WORK ORDER
Set down the line that contains "BROAN-NUTONE BROAN-NUTONE S97019561" and every line after it to the end of the entries, exactly as they stand and nothing more.

EXTRACTED ENTRIES

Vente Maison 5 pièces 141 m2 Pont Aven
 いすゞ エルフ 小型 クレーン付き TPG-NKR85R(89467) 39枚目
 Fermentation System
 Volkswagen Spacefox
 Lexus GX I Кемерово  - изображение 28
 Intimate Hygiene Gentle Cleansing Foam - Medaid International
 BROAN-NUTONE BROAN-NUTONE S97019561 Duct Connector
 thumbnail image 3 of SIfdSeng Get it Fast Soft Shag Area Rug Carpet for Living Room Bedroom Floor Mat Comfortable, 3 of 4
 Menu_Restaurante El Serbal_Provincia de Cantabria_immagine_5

TASK SOLUTION
 BROAN-NUTONE BROAN-NUTONE S97019561 Duct Connector
 thumbnail image 3 of SIfdSeng Get it Fast Soft Shag Area Rug Carpet for Living Room Bedroom Floor Mat Comfortable, 3 of 4
 Menu_Restaurante El Serbal_Provincia de Cantabria_immagine_5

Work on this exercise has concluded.